Segment Start: Record excerpts
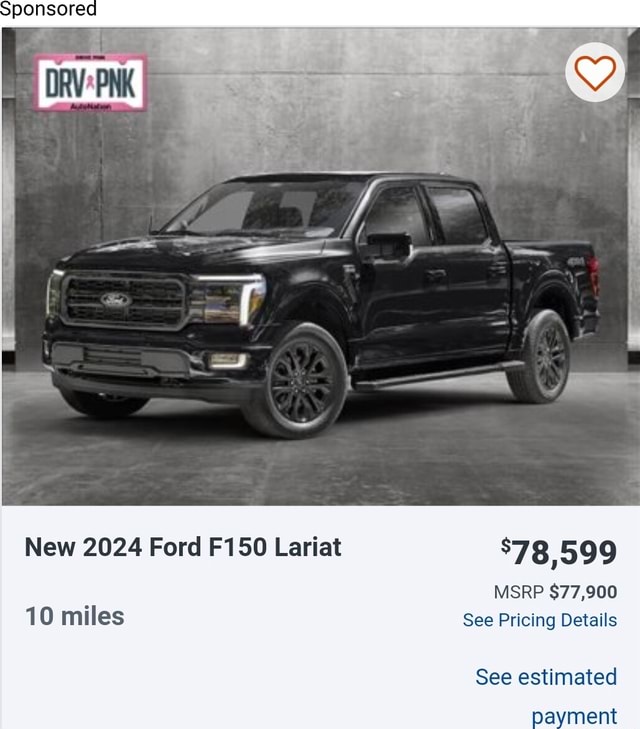 Ponsored I if New 2024 Ford F150 Lariat 878,599 MSRP $77,900 10 miles ...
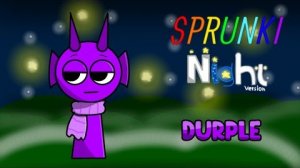 sprunki night version Durple.        подпишись!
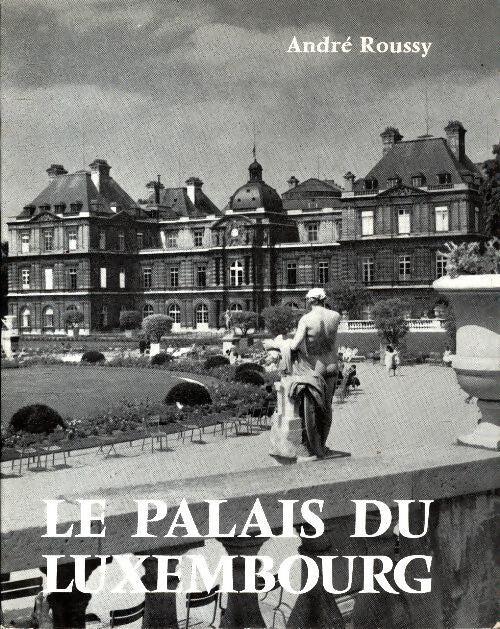 Le palais du Luxembourg - André Roussy - Livre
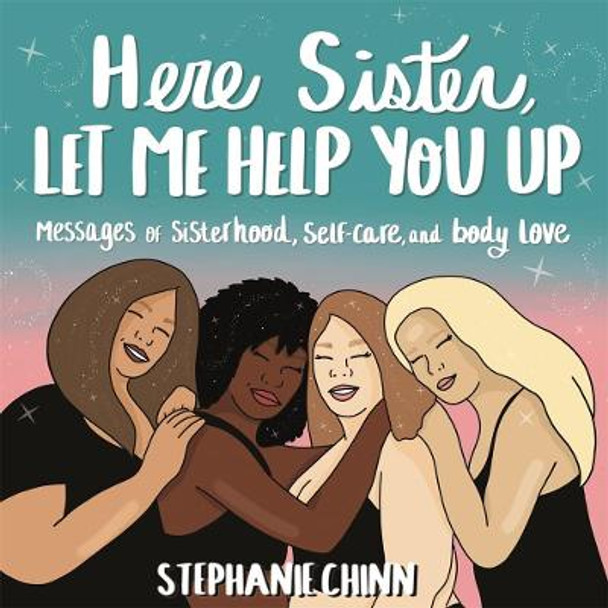 Here Sister, Let Me Help You Up: Messages of Sisterhood, Self-Care, and Body Love by Stephanie Chinn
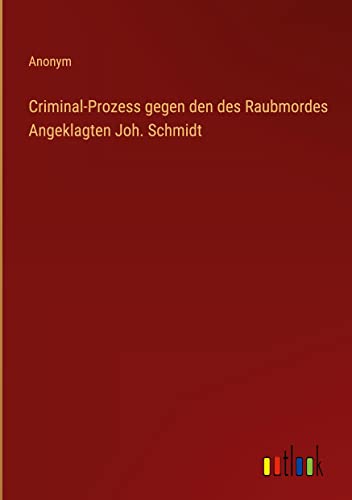 Criminal-Prozess gegen den des Raubmordes Angeklagten Joh. Schmidt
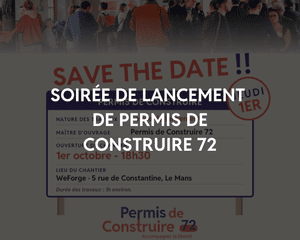 Soirée de lancement de Permis de Construire 72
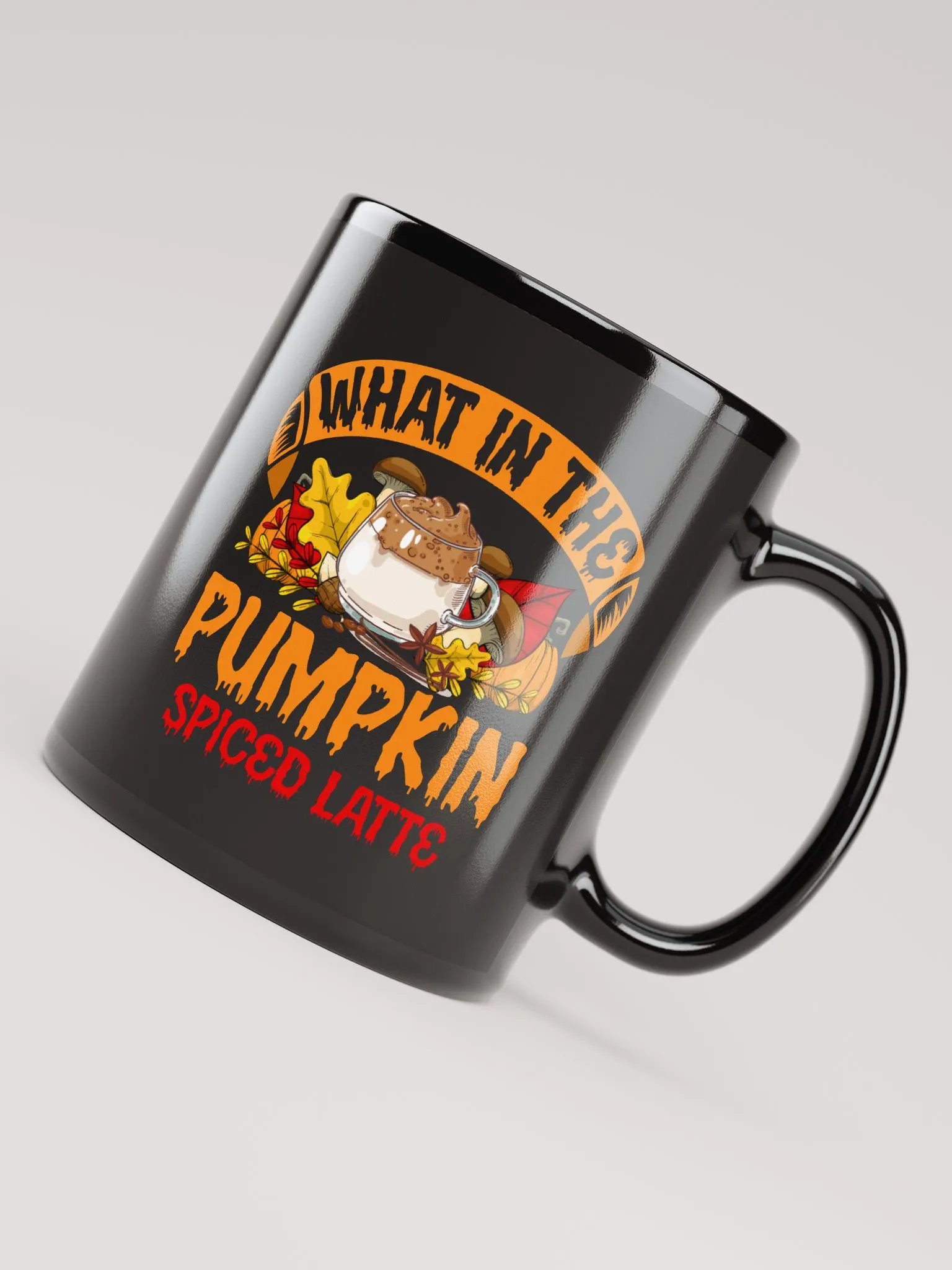 What In The Pumpkin Spiced Latte Mug product image (4)
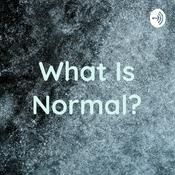 Podcast What Is Normal?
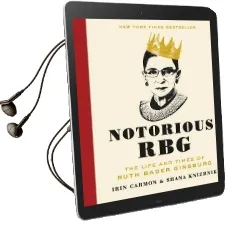 Notorious rbg: The Life and Times of Ruth Bader Ginsburg Audiobook download free by Irin Carmon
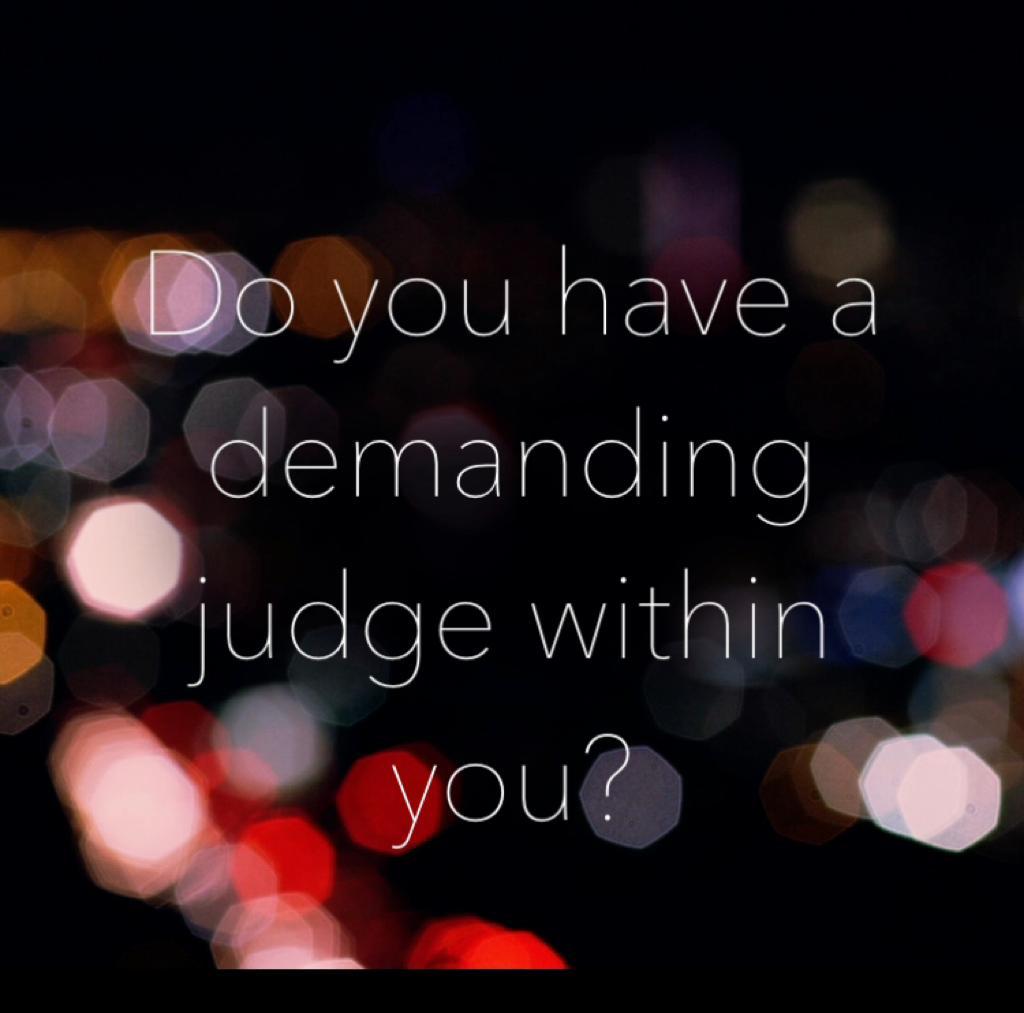 Do you have a demanding judge within you?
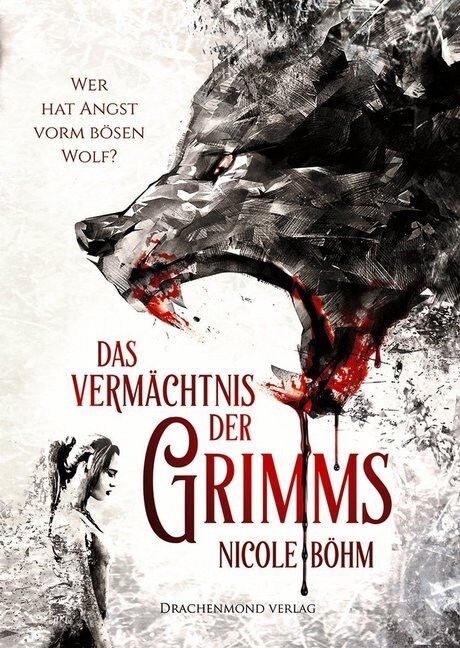 Das Vermachtnis der Grimms (Paperback)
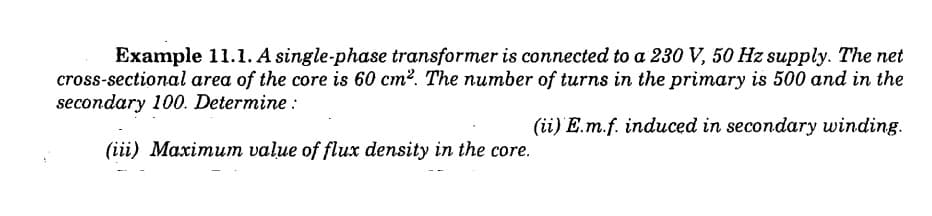 Example 11.1. A single-phase transformer is connected to a 230 V, 50 Hz supply. The net
cross-sectional area of the core is 60 cm². The number of turns in the primary is 500 and in the
secondary 100. Determine:
(ii) E.m.f. induced in secondary winding.
(iii) Maximum value of flux density in the core.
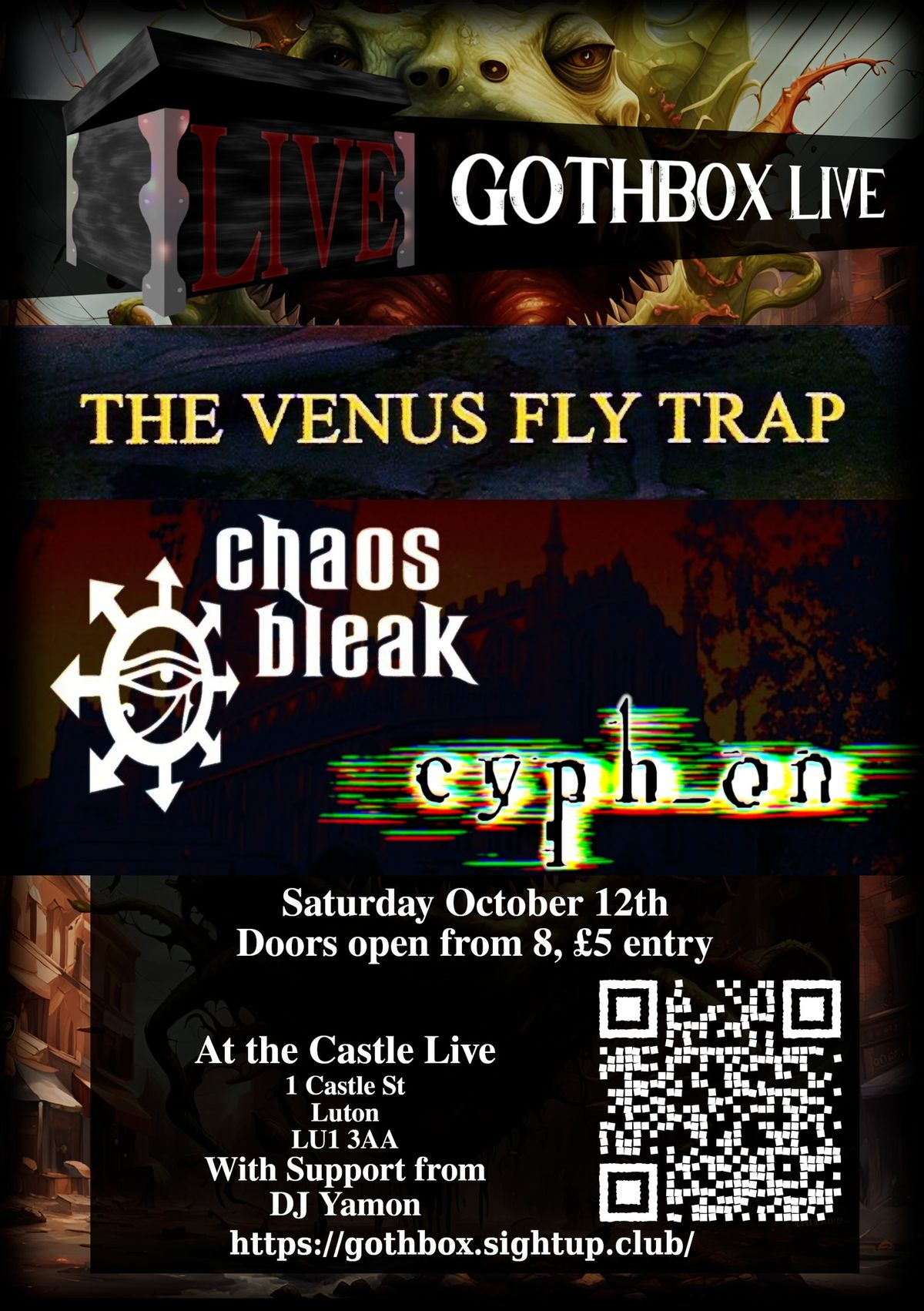 GothBox Live - The Venus Flytrap and Chaos Bleak supported by Cyphon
Segment End: Record excerpts
#### Exercise details:
When the word "secondary" appears in a line of the data, that line is counted; report the number only.

#### Result of this exercise:
2